Print out each entry below exactly; do not carry over any image.
Top of Records shown
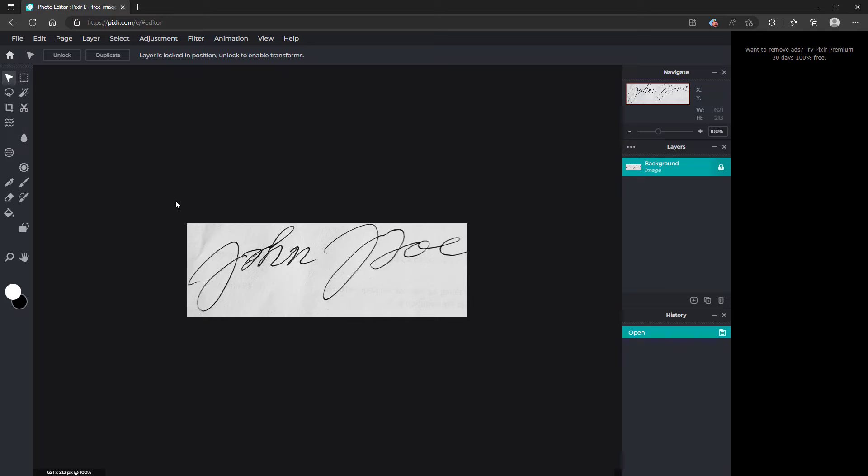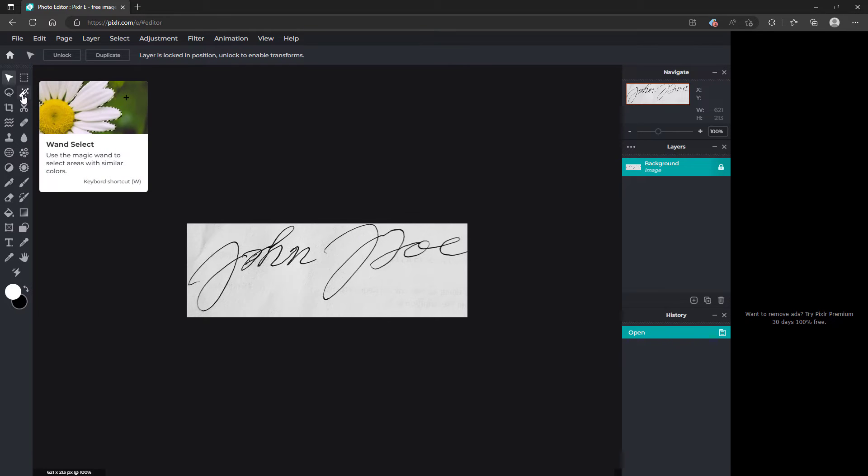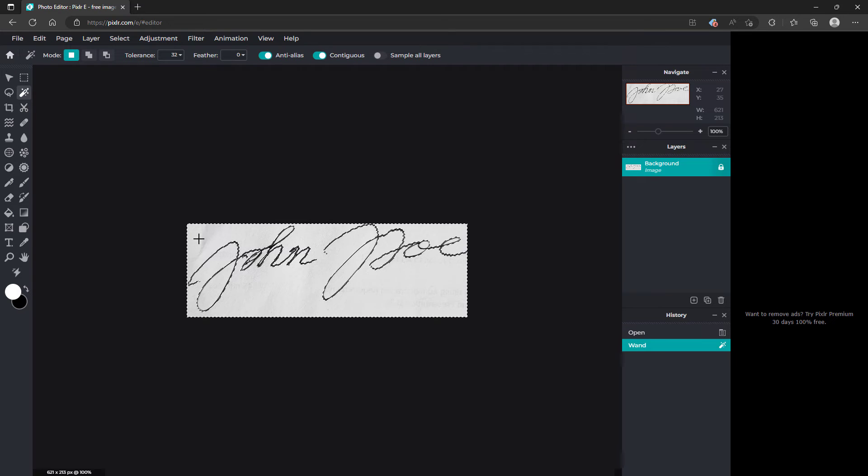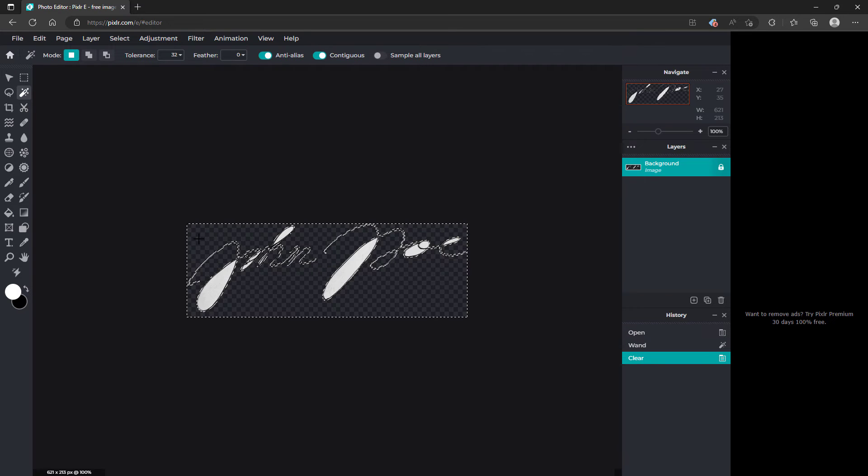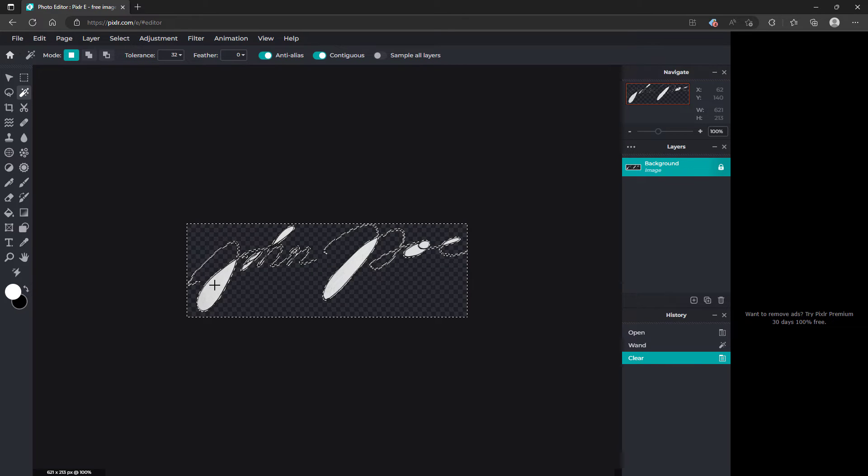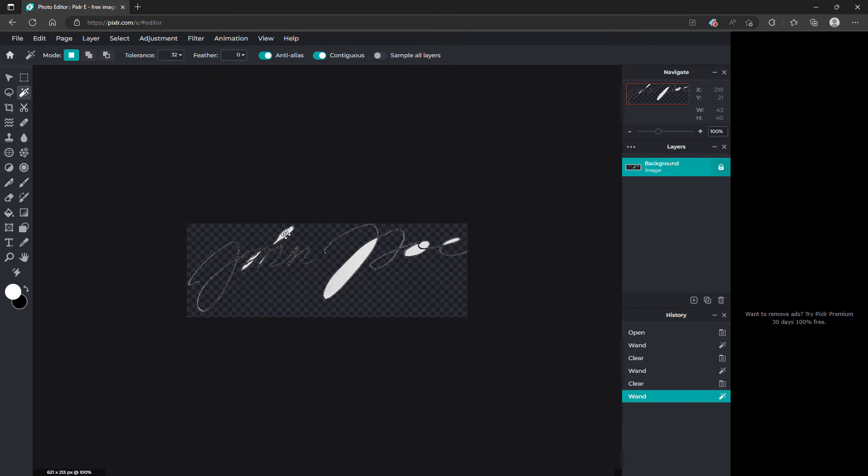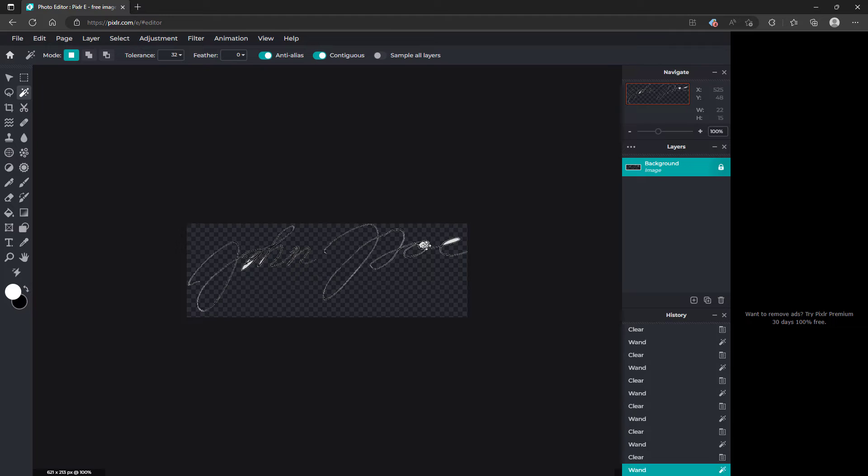Once it's open, you're going to want to come up here and go to the wand select tool. Select the area, hit delete on your keyboard. Clear out all of the white space. Doesn't have to be perfect.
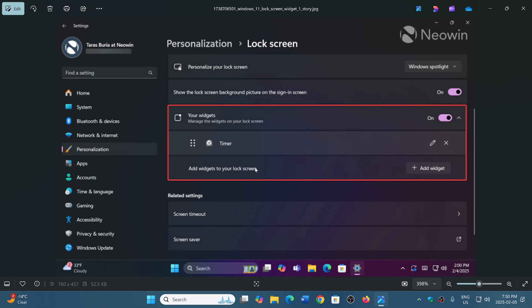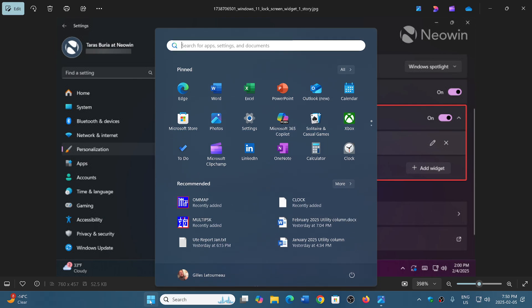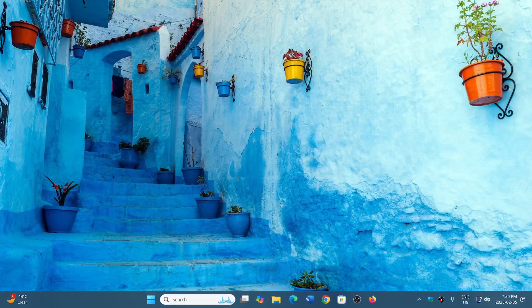At least that's Microsoft finally listening, because in the Feedback Hub, lock screen widget customization is pretty high in the ratings of what people want on their computer. It's probably almost as high as wanting to customize the start menu the way we want — without the recommended section if we don't want it, and so on. So this is going to be nice as you'll be able to check out the widgets and customize them.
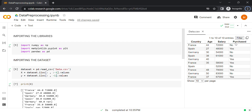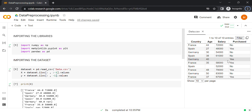Hello everyone. In the previous video we learned to import the dataset and created two new entities: the matrix of features X and the dependent variable vector y. In this video we'll take care of missing data. Looking at our dataset data.csv, we notice there is a missing salary for a specific customer from Germany who is 40 years old and who purchased the product, and a missing age for a customer from Spain who did not purchase the product.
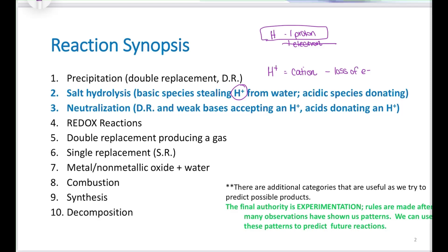So we call H+ a proton. We cannot gain or lose anything but electrons in this class — until you reach nuclear chemistry at the end of second semester. We'll also discuss neutralization reactions, which are also known as double replacement reactions, where a weak base accepts a proton and acids donate protons.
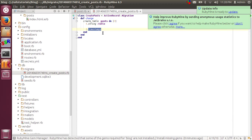We can see there is a timestamps field. This basically provides the timestamp fields by default in migrations, so we don't need to worry about 'created_at' and 'updated_at' timestamp fields in the database table. The timestamps method will create those two fields by default into the database table.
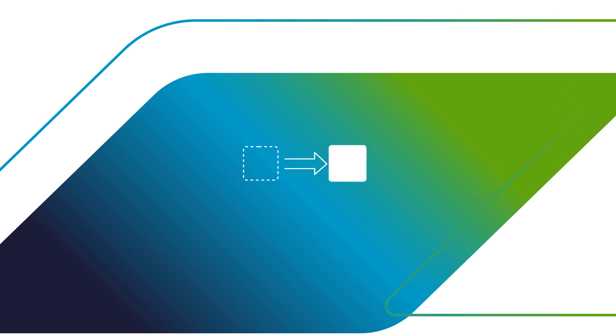Ready to migrate off legacy load balancers? Put AVI conversion tool in action. Attend a free workshop.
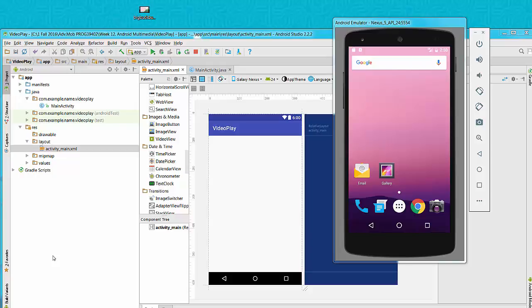Hello everyone. I'm going to talk about how to play video in your Android application.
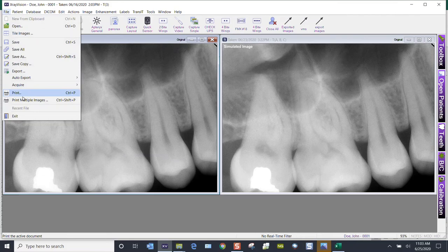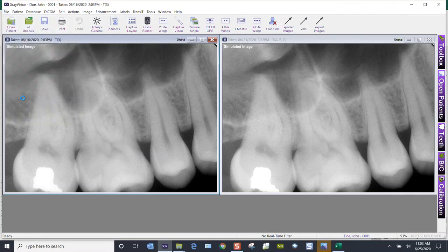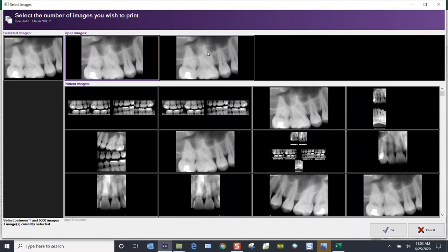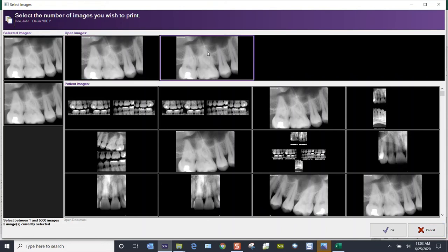Go to File, Print Multiple. The next screen shows your open images, your patient images, and selected images. We've opened those two images, so I would select them both.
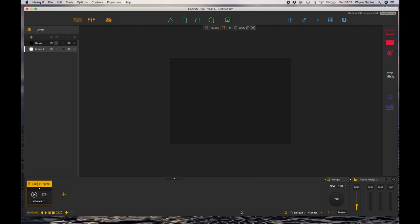Welcome back everybody. In this session we're going to look at the interface for HeavyM and how you create content ready to start mapping really interesting objects and geometric shapes that you can then attribute different animation effects to.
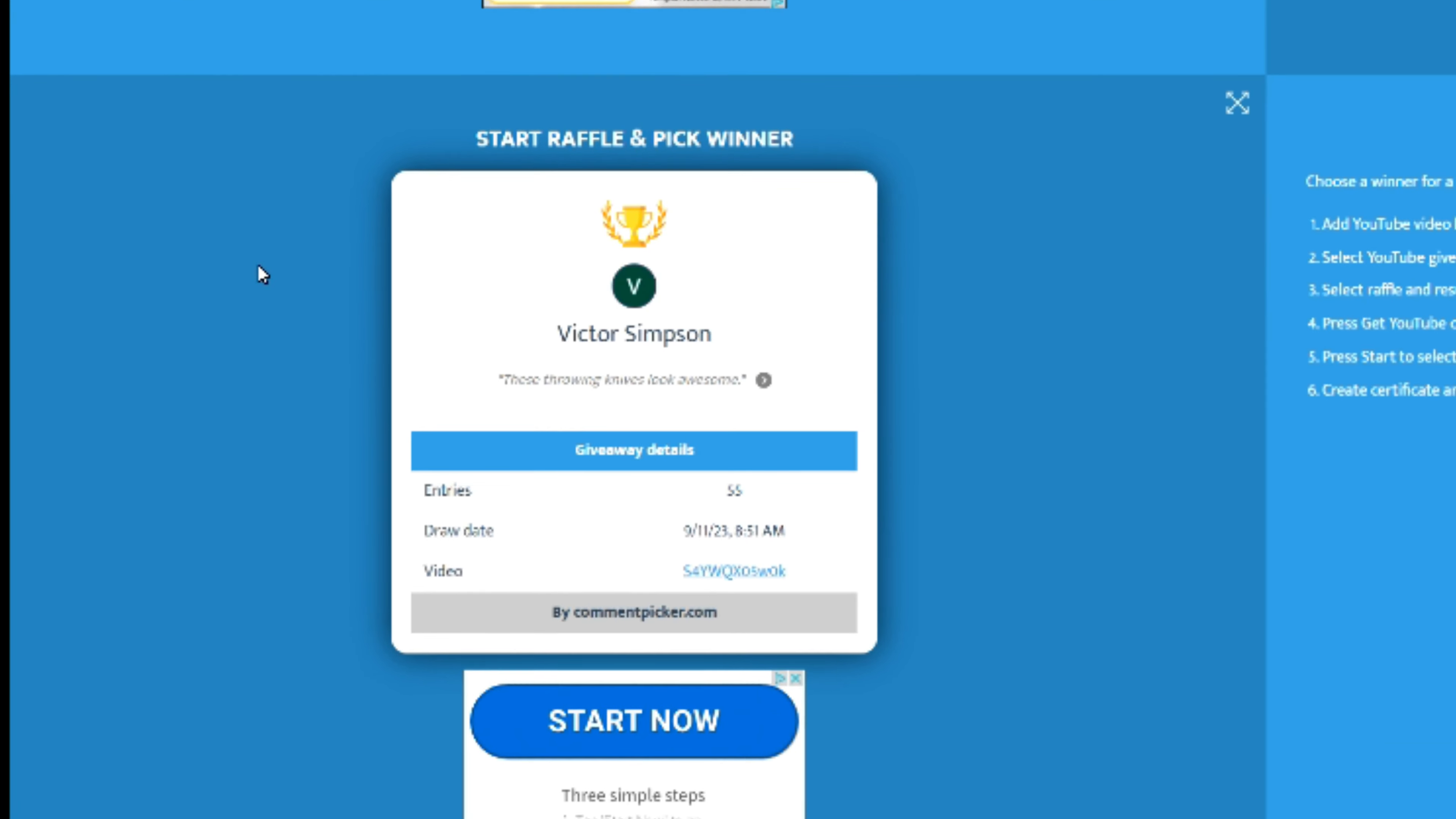Hey Steven, congratulations! You have won 12 throwing knives. Make sure you email us and we'll give you the directions on how we'll ship these to you.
Bottom of Records shown
### Response box
Once it's open, you're going to want to come up here and go to the wand select tool. Select the area, hit delete on your keyboard. Clear out all of the white space. Doesn't have to be perfect.
At least that's Microsoft finally listening, because in the Feedback Hub, lock screen widget customization is pretty high in the ratings of what people want on their computer. It's probably almost as high as wanting to customize the start menu the way we want — without the recommended section if we don't want it, and so on. So this is going to be nice as you'll be able to check out the widgets and customize them.
Hello everyone. In the previous video we learned to import the dataset and created two new entities: the matrix of features X and the dependent variable vector y. In this video we'll take care of missing data. Looking at our dataset data.csv, we notice there is a missing salary for a specific customer from Germany who is 40 years old and who purchased the product, and a missing age for a customer from Spain who did not purchase the product.
So we call H+ a proton. We cannot gain or lose anything but electrons in this class — until you reach nuclear chemistry at the end of second semester. We'll also discuss neutralization reactions, which are also known as double replacement reactions, where a weak base accepts a proton and acids donate protons.
We can see there is a timestamps field. This basically provides the timestamp fields by default in migrations, so we don't need to worry about 'created_at' and 'updated_at' timestamp fields in the database table. The timestamps method will create those two fields by default into the database table.
Ready to migrate off legacy load balancers? Put AVI conversion tool in action. Attend a free workshop.
Hello everyone. I'm going to talk about how to play video in your Android application.
Go to File, Print Multiple. The next screen shows your open images, your patient images, and selected images. We've opened those two images, so I would select them both.
Welcome back everybody. In this session we're going to look at the interface for HeavyM and how you create content ready to start mapping really interesting objects and geometric shapes that you can then attribute different animation effects to.
Hey Steven, congratulations! You have won 12 throwing knives. Make sure you email us and we'll give you the directions on how we'll ship these to you.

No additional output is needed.